* [PROVIDED RECORDS]
● ● ●

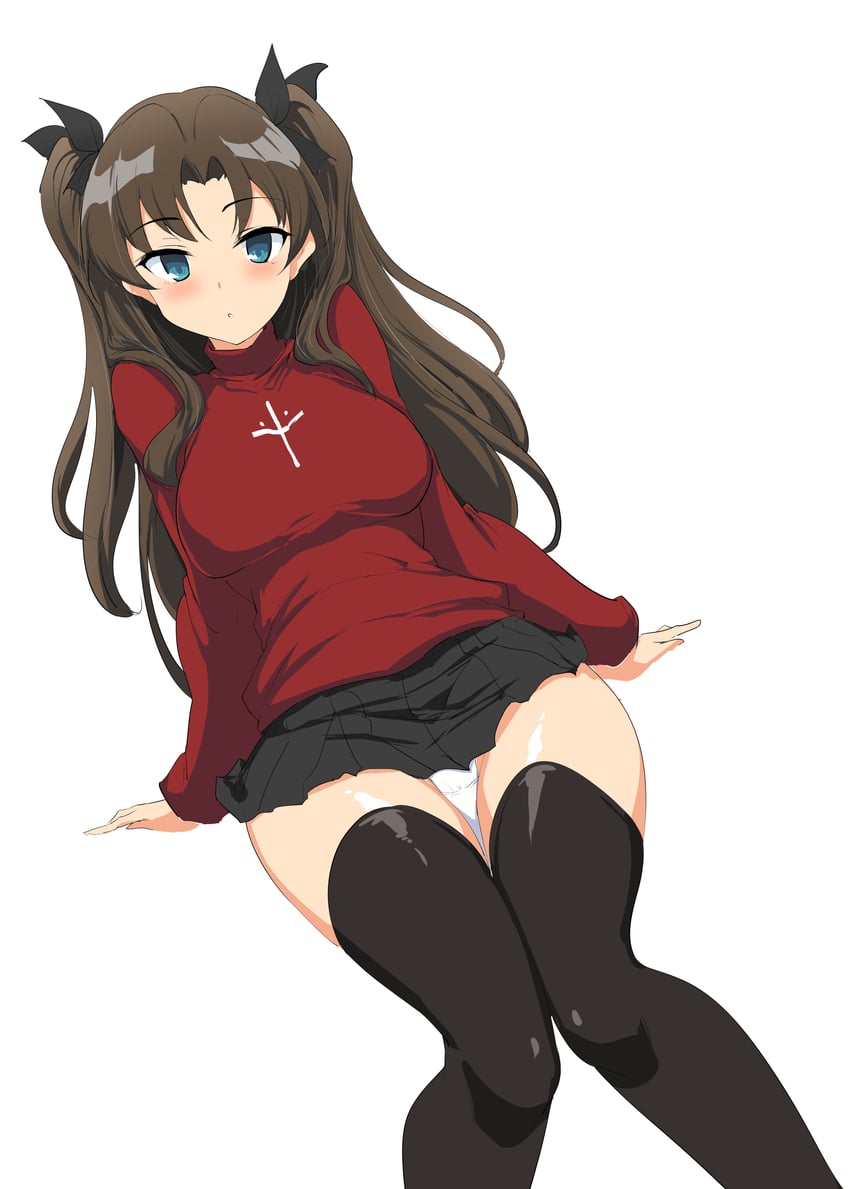tohsaka rin (fate and 1 more) drawn by momio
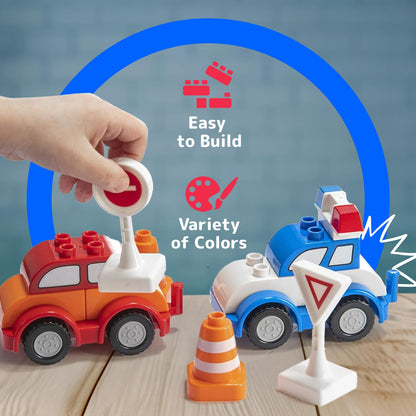 PREXTEX 60-Piece Building Blocks for Toddlers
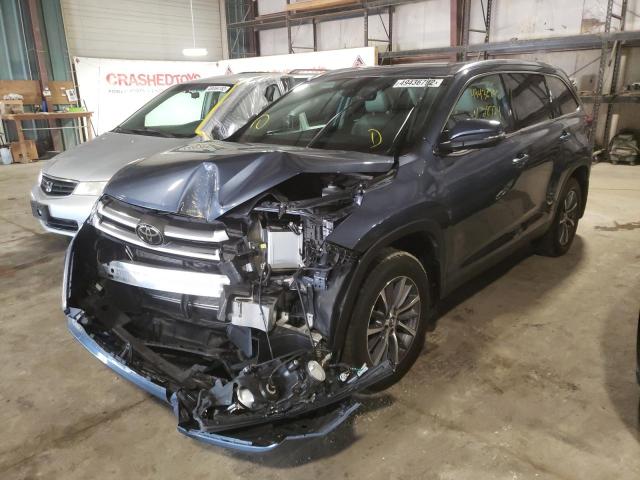 Photo 2 from auction – 2019 TOYOTA HIGHLANDER with VIN 5TDJZRFH5KS938300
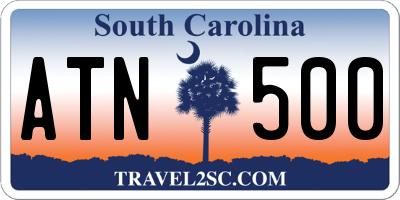 SC license plate ATN500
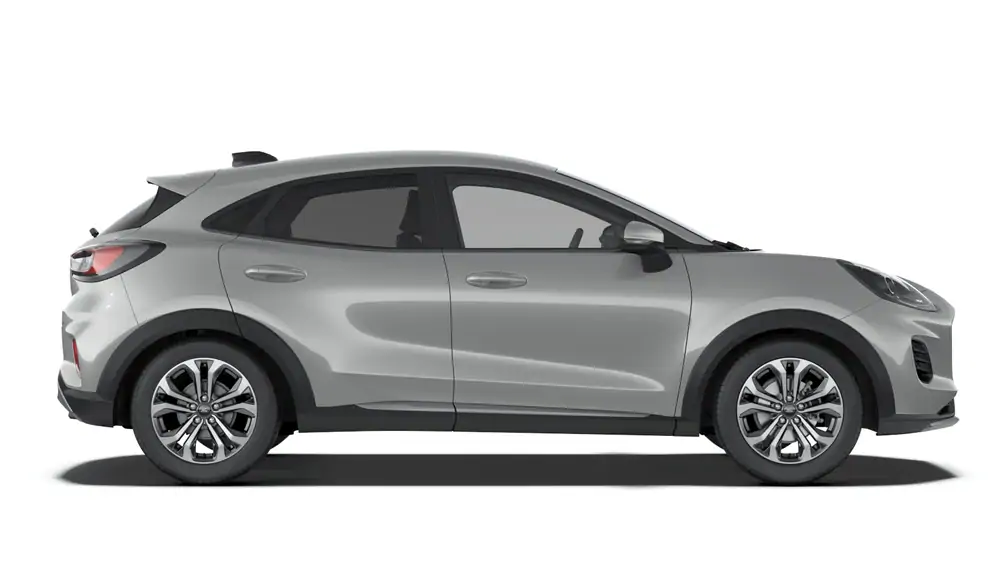 Nieuw Ford Puma mca (bx726) Titanium 1.0i EcoBoost mHEV 125pk / 92kW A7 PN4HS - Solar Silver, metaalkleur 3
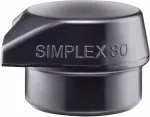 Guminis Simplex plaktuko antgalis, skirtas trinkelių klojimui - 80mm "stand up"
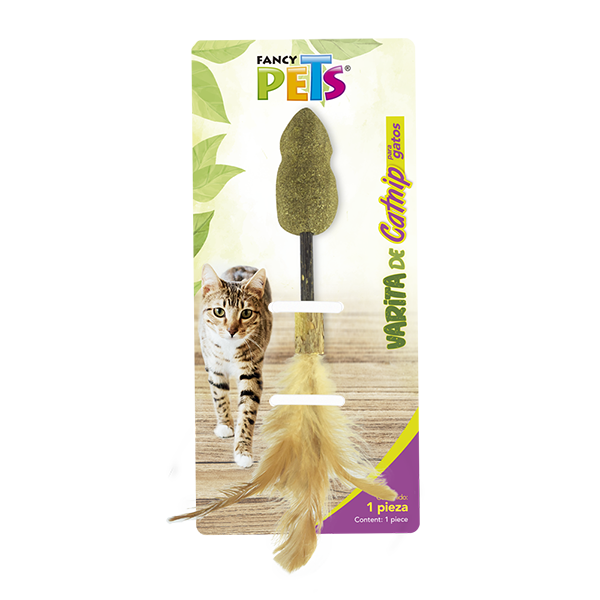Varita de Catnip Raton C/Pluma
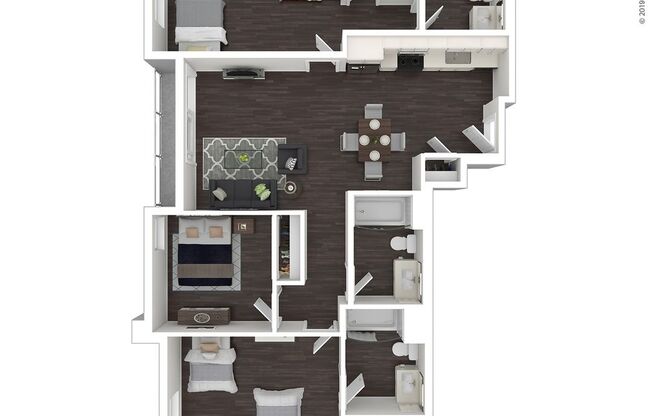 3 beds, 3 baths, 175 sqft, $1,995, Unit 304 - 304 - C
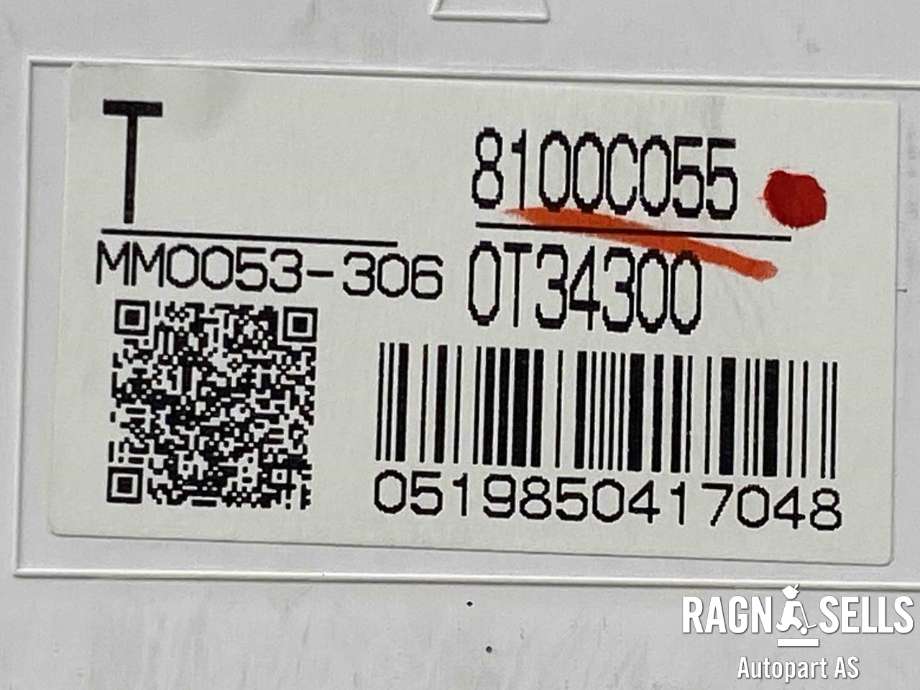 Instrumentpanel til Citroën C4, Aircross 2012-2017  (16 113 172 80|)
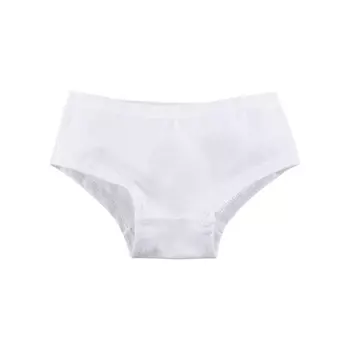 Трусы для девочек, рост 146-152 см, цвет белый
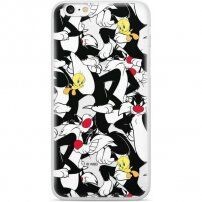 Originalna maskica Warner Bros Sylvester and Tweety za iPhone 7 / 8 / SE (2016) - crni
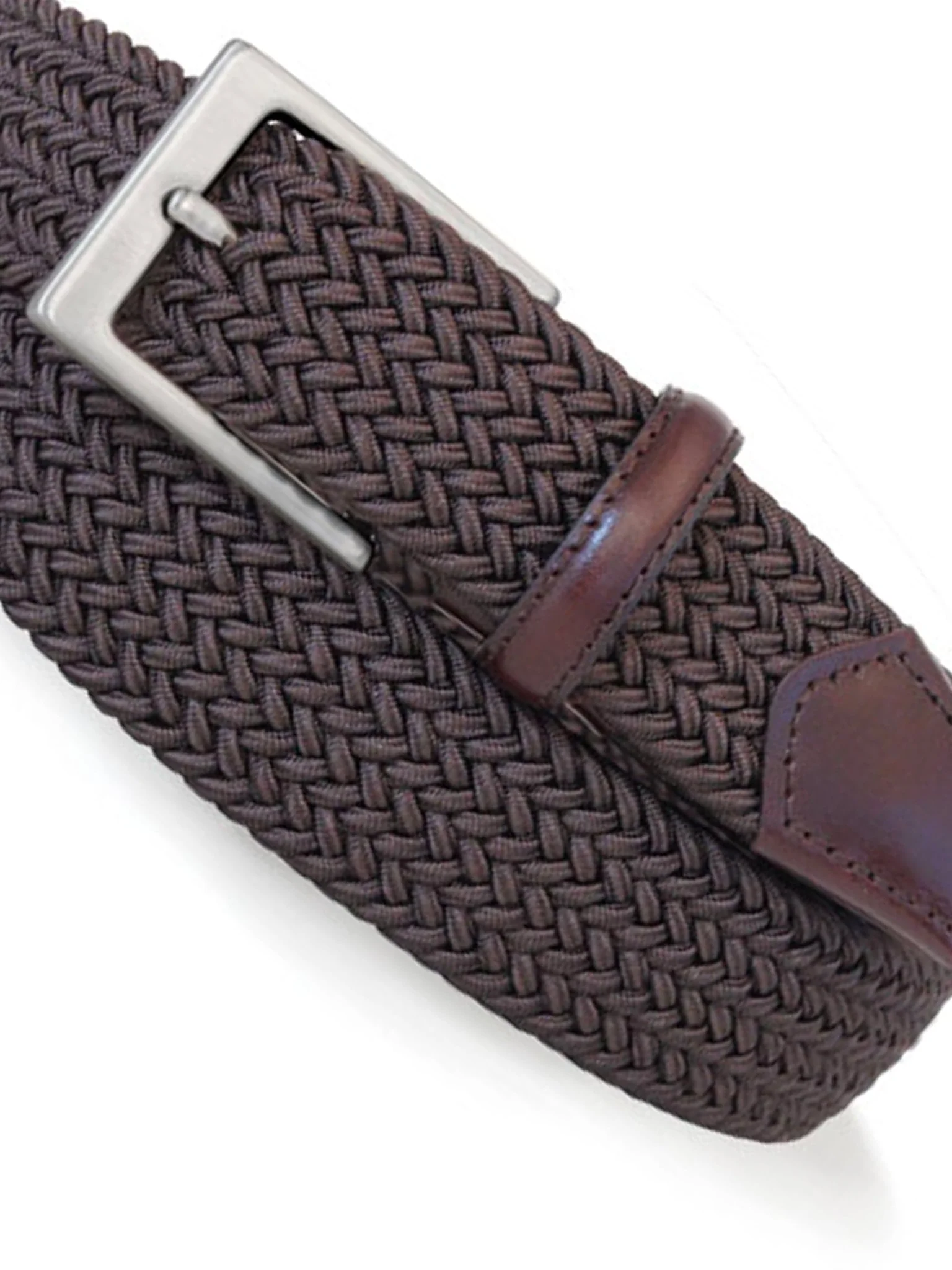 Robert Charles Belts 1003 Leather & Cotton Blend Mens Belt - 32mm leather width - Made in Italy - Image 3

● ● ●

* [TASK INSTRUCTIONS] Return all of the data exactly as written, and drop the pictures.

* [RESULT]
tohsaka rin (fate and 1 more) drawn by momio
 PREXTEX 60-Piece Building Blocks for Toddlers
 Photo 2 from auction – 2019 TOYOTA HIGHLANDER with VIN 5TDJZRFH5KS938300
 SC license plate ATN500
 Nieuw Ford Puma mca (bx726) Titanium 1.0i EcoBoost mHEV 125pk / 92kW A7 PN4HS - Solar Silver, metaalkleur 3
 Guminis Simplex plaktuko antgalis, skirtas trinkelių klojimui - 80mm "stand up"
Varita de Catnip Raton C/Pluma
 3 beds, 3 baths, 175 sqft, $1,995, Unit 304 - 304 - C
 Instrumentpanel til Citroën C4, Aircross 2012-2017  (16 113 172 80|)
 Трусы для девочек, рост 146-152 см, цвет белый
 Originalna maskica Warner Bros Sylvester and Tweety za iPhone 7 / 8 / SE (2016) - crni
 Robert Charles Belts 1003 Leather & Cotton Blend Mens Belt - 32mm leather width - Made in Italy - Image 3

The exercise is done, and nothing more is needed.